Мы выходим с Димой прогуляться во дворе. И уже здесь он говорит о своих истинных планах.
— Да, есть мысли туда обратно поехать. Только с другой бригадой.
— А мама знает?
— Пока нет. Скоро узнает.
— Зачем ты хочешь туда вернуться? Это месть?
— Нет, это не месть. Я человек военный, простой. Там пацаны мои остались. Узнать, как они там. Плюс у нас продвижение есть вперед. Всё хорошо, тактика поменялась. Это всё произошло из-за неготовности. Нам не сказали, что мы едем на Украину, нас не готовили к этому. Не было занятий. К такому, что вот там было [занятий, подготовки], не было.
Из-за того что Диме повезло остаться в живых и вернуться без травм, миллионных и даже тысячных выплат ему не положено.

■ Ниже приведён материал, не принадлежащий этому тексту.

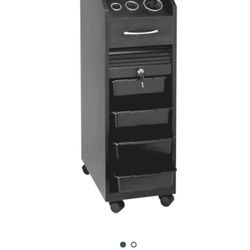 Opal Portable Styling Station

Он на них и не рассчитывал, хотя немного удивился, когда в части ему сказали: повышенную зарплату получишь только по 15 марта включительно, так как всё остальное время ты участия в боевых действиях не принимал. По закону зарплата военнослужащему во время плена начисляется или выплачивается его семье. Повышенное денежное довольствие (так называемые «боевые») и правда не предусмотрено. В «мирное» время зарплата контрактника Парамошкина составляла 35 тысяч рублей. Эти деньги плюс 60 тысяч за конец февраля — половину марта ему заплатили. Вероятно, в этом есть своя логика, но вряд ли справедливая — с учетом того, что каждый ракетный удар по территории Украины Дима и его товарищи по плену физически ощущали на себе.